Prompt: Output exactly the lines below, starting with the line that has "Copertina di Il" and going on through the line that has "Panneau à Wawa", both included, and no other lines.

Data extracts: Begin

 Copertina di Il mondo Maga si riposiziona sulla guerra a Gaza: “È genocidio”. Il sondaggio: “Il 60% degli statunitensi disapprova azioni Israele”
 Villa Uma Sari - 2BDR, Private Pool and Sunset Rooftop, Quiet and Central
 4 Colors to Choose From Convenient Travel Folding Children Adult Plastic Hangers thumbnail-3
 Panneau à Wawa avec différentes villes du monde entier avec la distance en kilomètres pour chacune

Data extracts: End
Data extracts: Begin

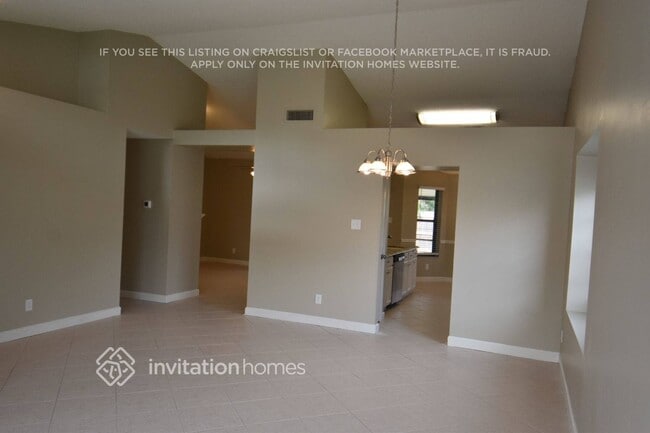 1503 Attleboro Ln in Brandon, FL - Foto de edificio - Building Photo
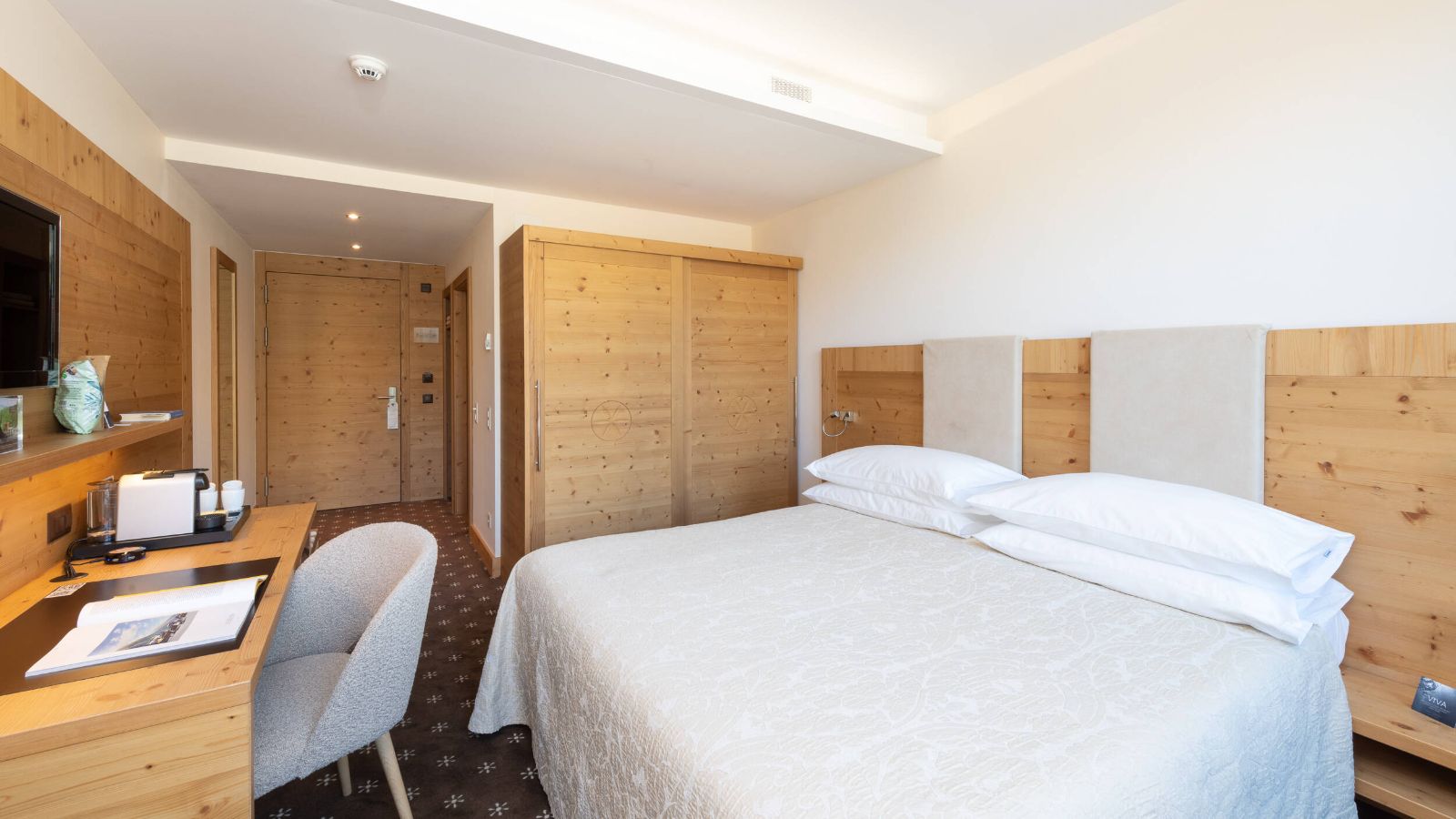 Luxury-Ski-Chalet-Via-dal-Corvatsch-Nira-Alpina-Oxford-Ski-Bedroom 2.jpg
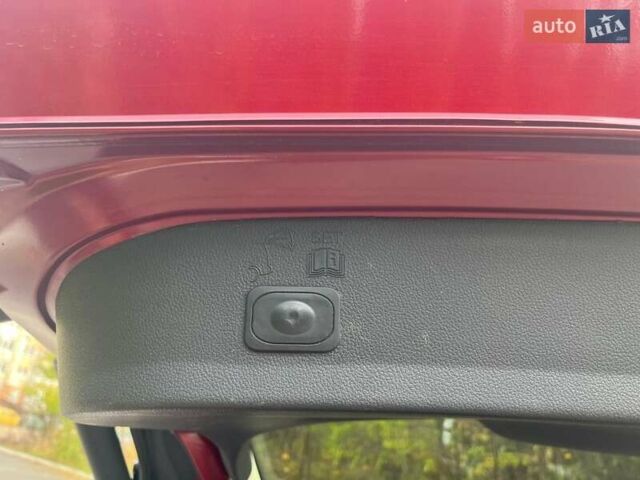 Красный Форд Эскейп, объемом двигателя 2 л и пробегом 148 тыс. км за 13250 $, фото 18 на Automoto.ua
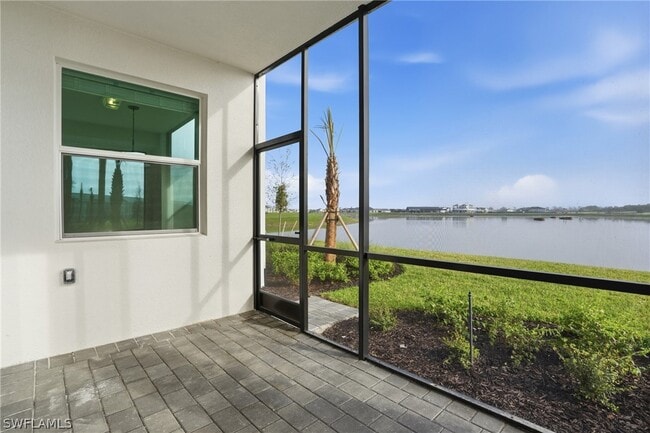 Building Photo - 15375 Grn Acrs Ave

Data extracts: End

Your response:
 Copertina di Il mondo Maga si riposiziona sulla guerra a Gaza: “È genocidio”. Il sondaggio: “Il 60% degli statunitensi disapprova azioni Israele”
 Villa Uma Sari - 2BDR, Private Pool and Sunset Rooftop, Quiet and Central
 4 Colors to Choose From Convenient Travel Folding Children Adult Plastic Hangers thumbnail-3
 Panneau à Wawa avec différentes villes du monde entier avec la distance en kilomètres pour chacune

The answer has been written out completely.